There are two very good reasons to vote against Measure C. Simply summed up, it’s not needed, and it could do more harm than good.
The Los Altos initiative on the Nov. 6 ballot claims to protect parks and open space from being sold to developers. It requires voter approval for any change in city-owned property, be it sale, lease or rezoning. But we’re convinced the measure’s creators’ intent isn’t necessarily saving parks, but saving parking lots – the downtown parking plazas, specifically.
The recently approved Downtown Vision plan proposes using the plazas in a variety of ways, from creating pedestrian gathering spaces to constructing workforce housing – with lost parking compensated for either by putting it underground or by restriping the plazas. The plan came about after years of griping about a lack of downtown “vibrancy.”
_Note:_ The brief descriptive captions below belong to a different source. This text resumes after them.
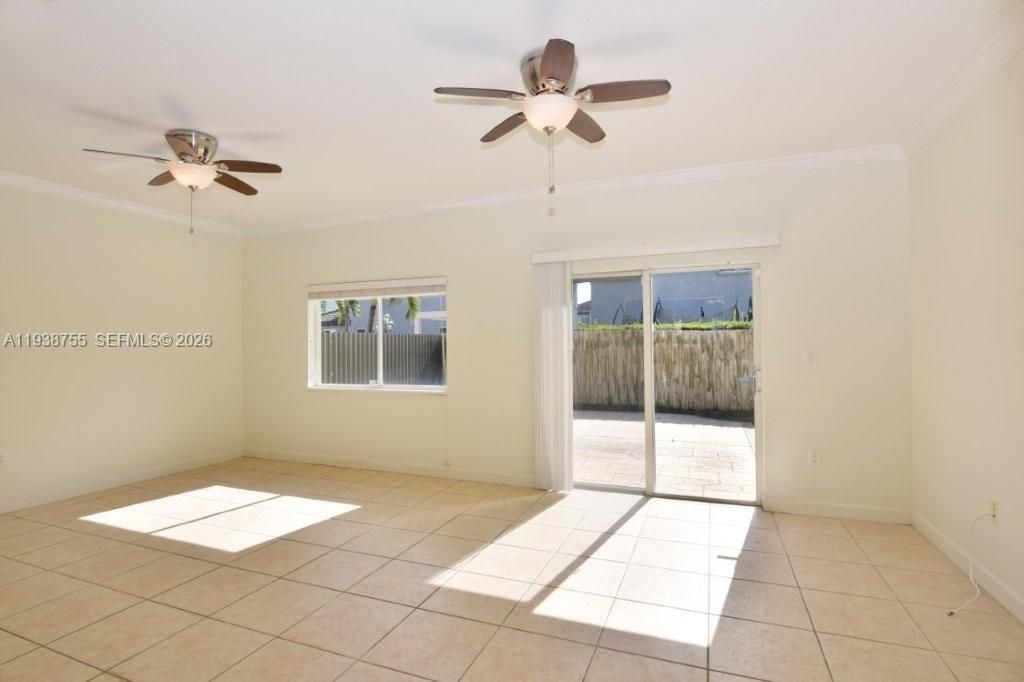 For Rent: $3,200 (3 beds, 2 baths, 1668 Square Feet)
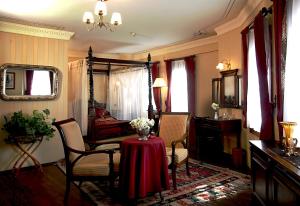 1 dormitorio y sala de estar con mesa y sillas. en Dersaadet Hotel Istanbul, en Estambul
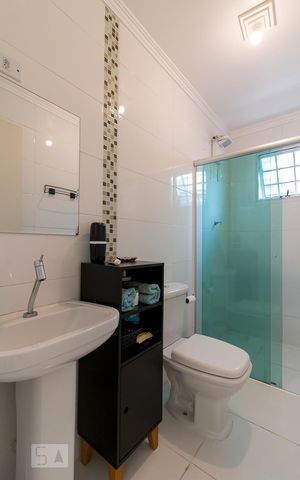 Casa para alugar com 198m², 3 quartos e 2 vagasBanheiro social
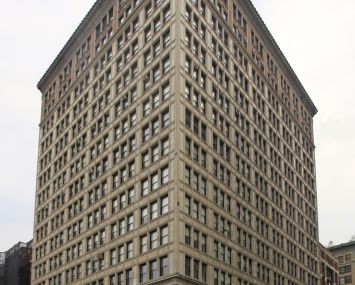 200 Park Avenue South (Photo: CoStar Group).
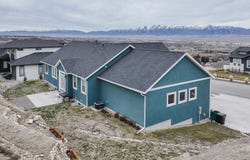 86 S 950 E, Hyde Park, UT 84318
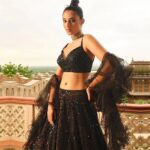Ritika Nayak Instagram - 🖤🖤🖤 Clicked by @narenballarphotography Styled by @sanya_sheth Makeup by @akashgor_15 Hair style by @hairstorybyreshma Production @sanju_glaze_production Photography assistant @_rutvikballar #ritikanayak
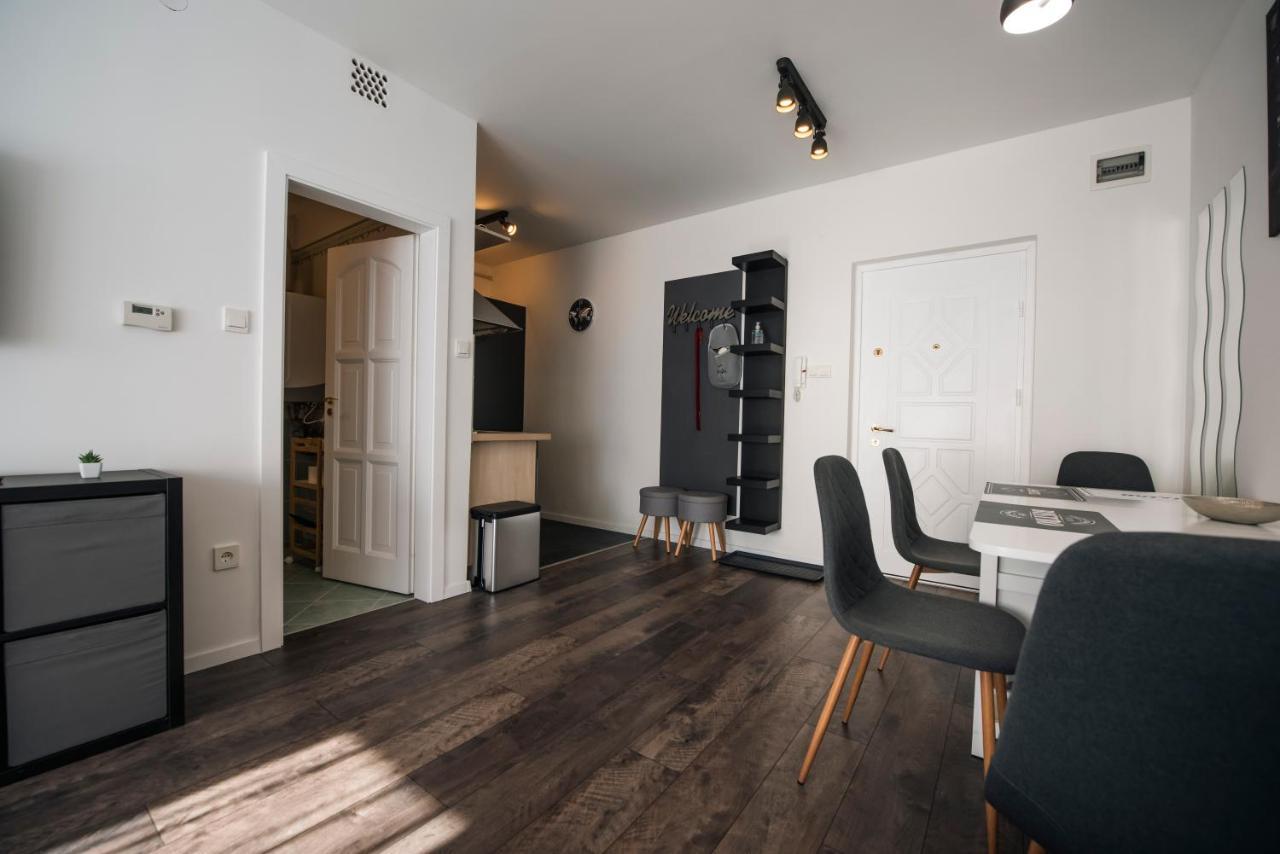 Appartamento Anavrin apartman- csendes lakás a belváros közepén Pécs Esterno foto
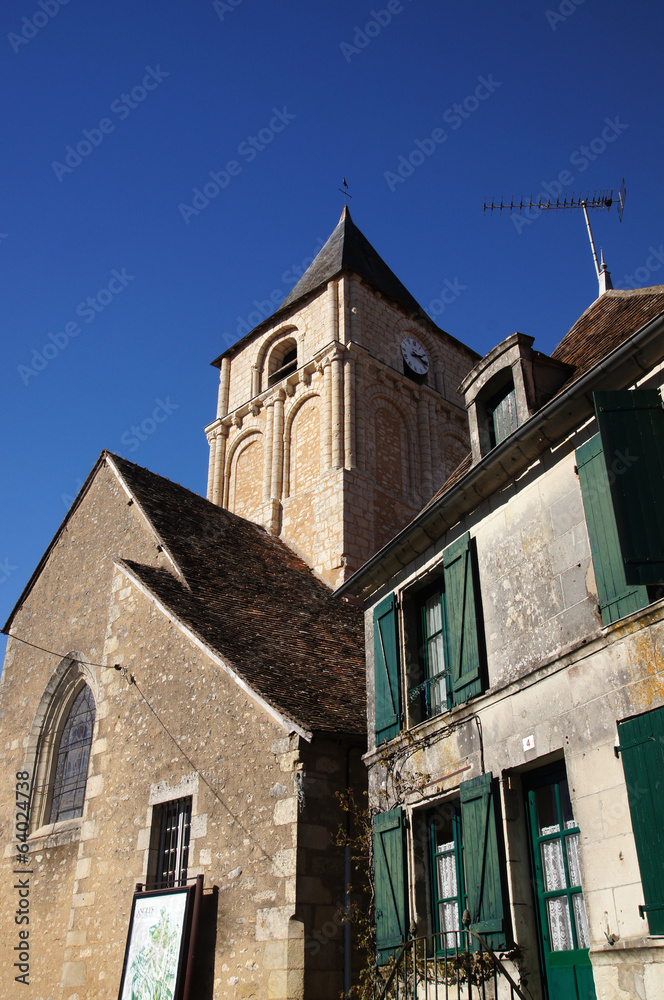 Fototapeta premium Église Saint-Martin d'Angles sur l'Anglin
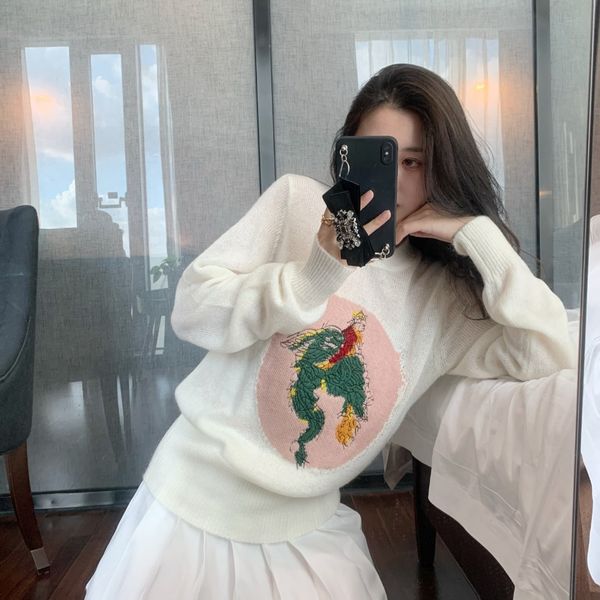 8252d home embroidery dinosaur round neck pullover wool korean loose jacquard sweater early autumn coat, White;black
8252d home embroidery dinosaur round neck pullover wool korean loose jacquard sweater early autumn coat, White;black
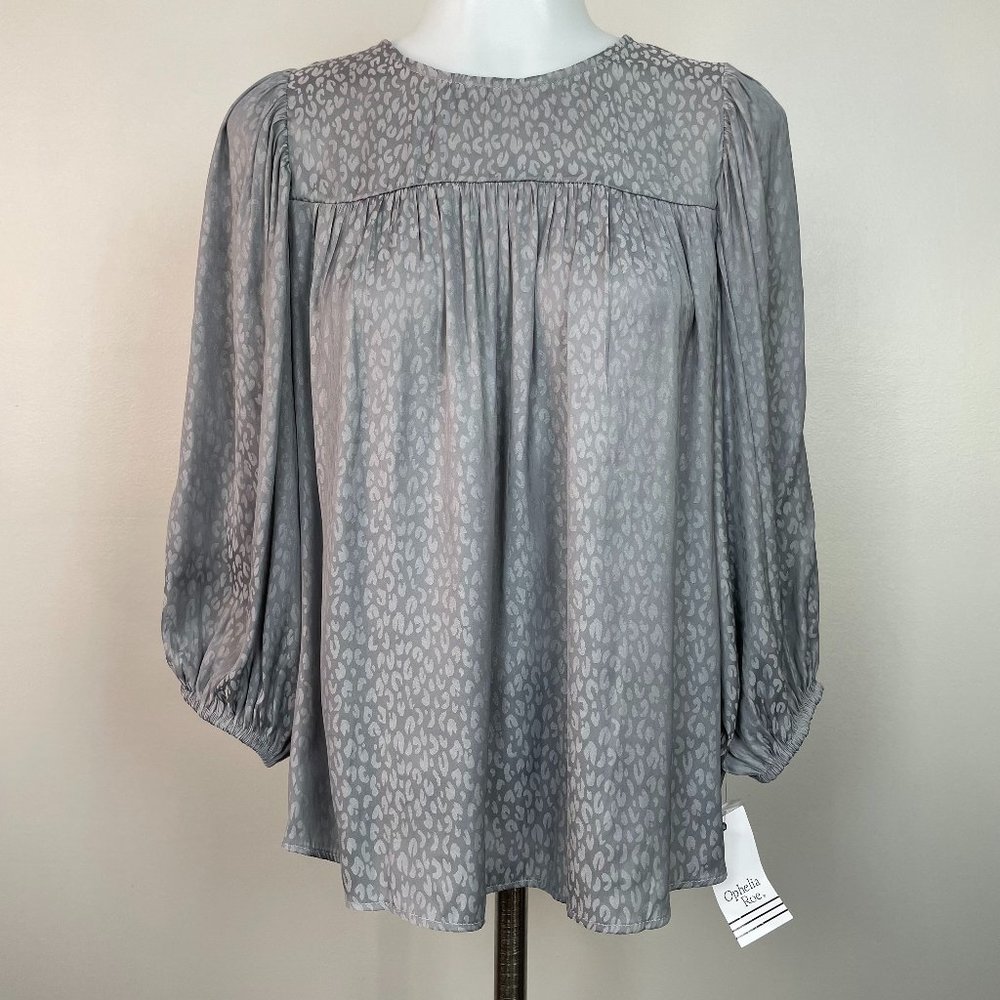 Ophelia Roe Top Small Gray Leopard 3/4 Sleeve‎ Blouse Women's NWT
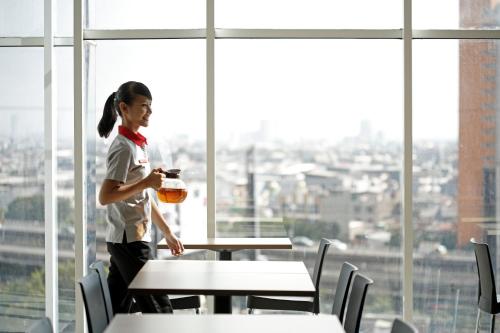 amaris hotel seasons city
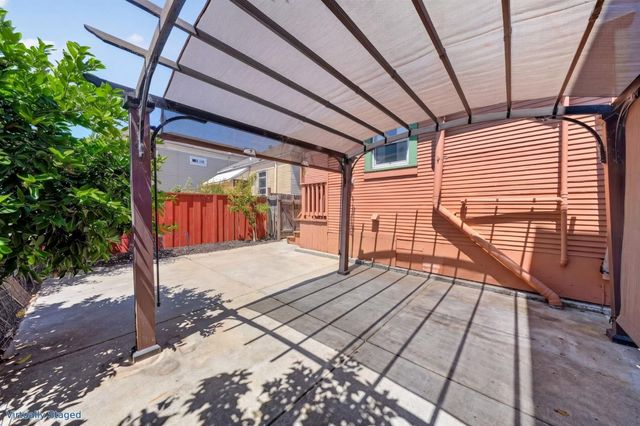 2347 E 17th Street, Oakland, CA 94601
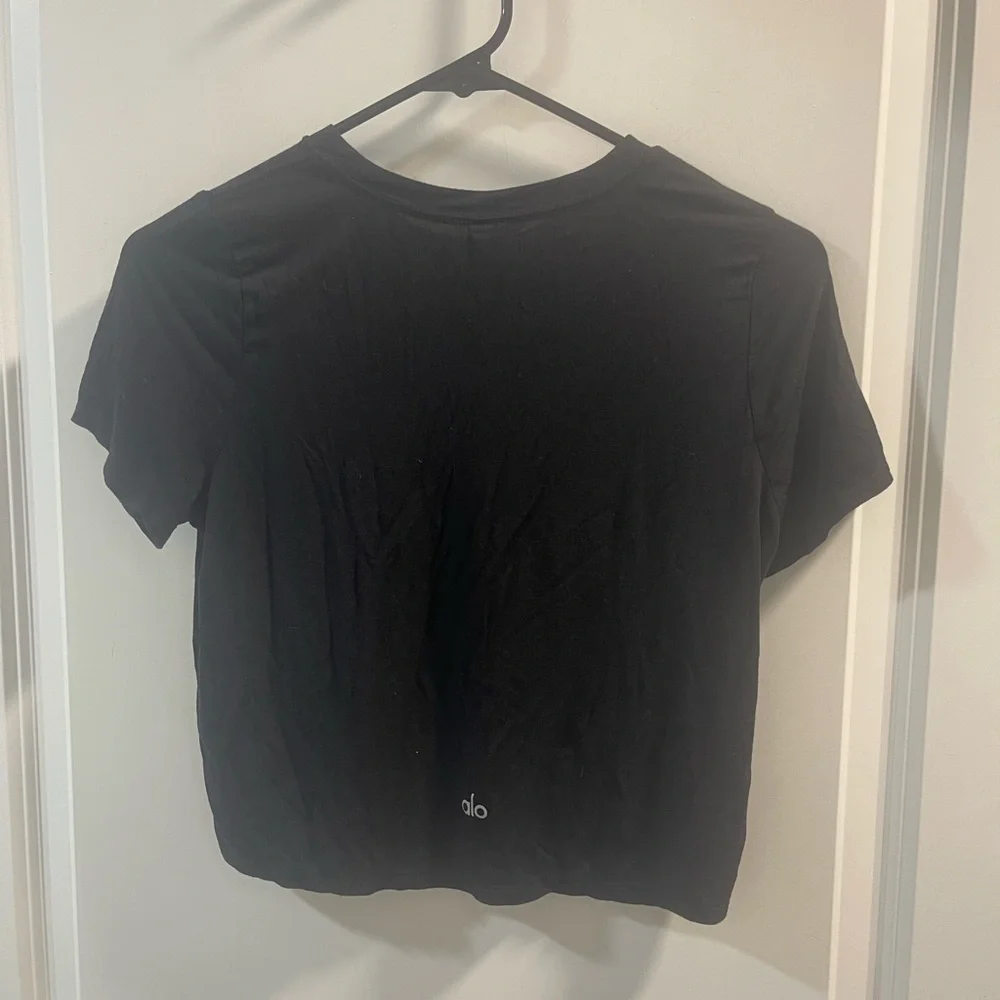 Alo Yoga Classic Black Women's Crewneck Tee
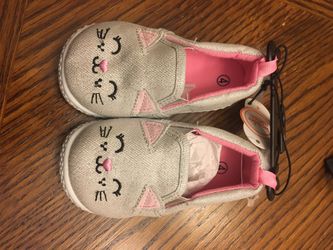 NWT baby girl cat sneakers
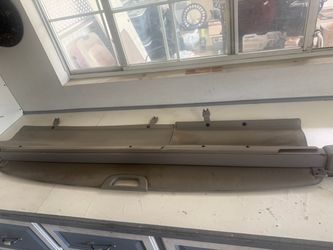 Back cover for a 2004 Toyota Sequoia includes cargo cover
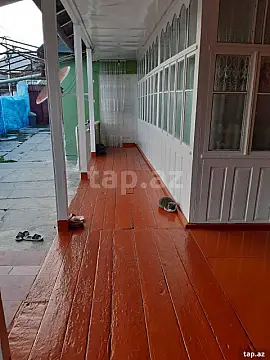 Satılır 4 otaqlı həyət evi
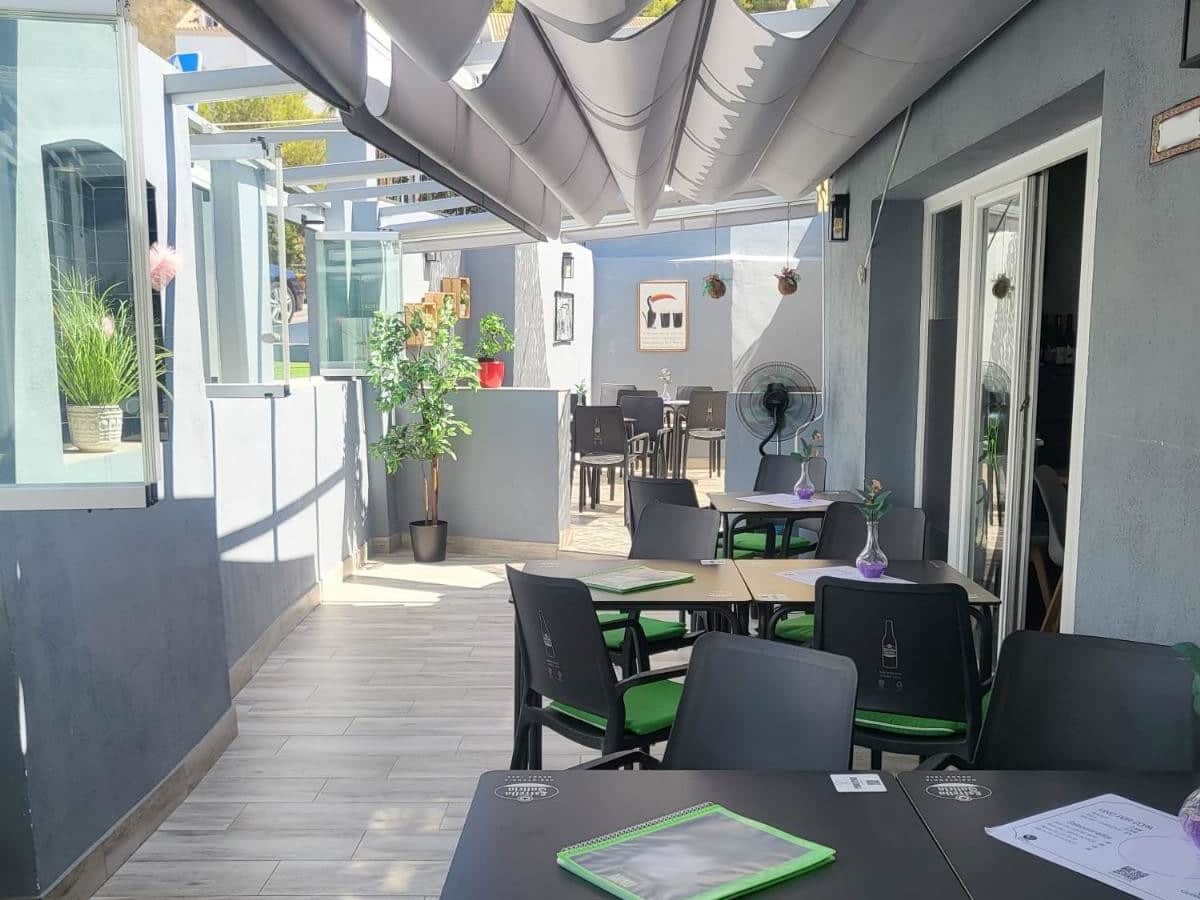 Restaurant/bar te koop in Benalmadena - € 39.950 (Ref: 9585007)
Measure C essentially kills implementation of the Downtown Vision plan – the “more-harm-than-good” argument. And that seems to be what Measure C proponents want.
Jim Jolly, who took the lead in getting the initiative on the ballot, opposed the city’s public-private partnership with Los Altos Community Investments (LACI) in last year’s aborted effort to build a park (ironically) on a portion of a First Street parking plaza with underground parking. The plan also included a three-story office building on LACI property, adjacent to the proposed park, bringing more employees – and business – downtown. But to quote Jolly: “There are lots of people in town who like Los Altos the way it is.”
This sums up two different schools of thought among residents. Many agree with Jolly and thus support Measure C. But we also see a less vocal, yet substantial number of residents who want downtown vibrancy and want it big-time – a city-commissioned survey of residents conducted at the end of last year revealed as much.
As for the need for parks protection, check the record: Los Altos has never sold parkland in its 66-year history. In fact, the city added three over the past 25 years: Rosita, Lincoln (recently purchased from the county) and Village parks.
Yes, the possibility was there that some boneheaded council could try to sell such land – but we’re convinced the public outcry would stifle such an effort in a big hurry. And the council’s recent general plan amendment to require voter approval for any parks or open-space land change further ensures this isn’t going to happen.
In addition, residents already have recourse – other than spending potentially hundreds of thousands of dollars on special elections that Measure C would require – by electing qualified and responsible council members.
Proponents claim Measure C’s language is straightforward; opponents contend it’s ambiguous and confusing. Both sides believe they’re right and the other guys are wrong. Our suggestion? When in doubt, just say no. We are.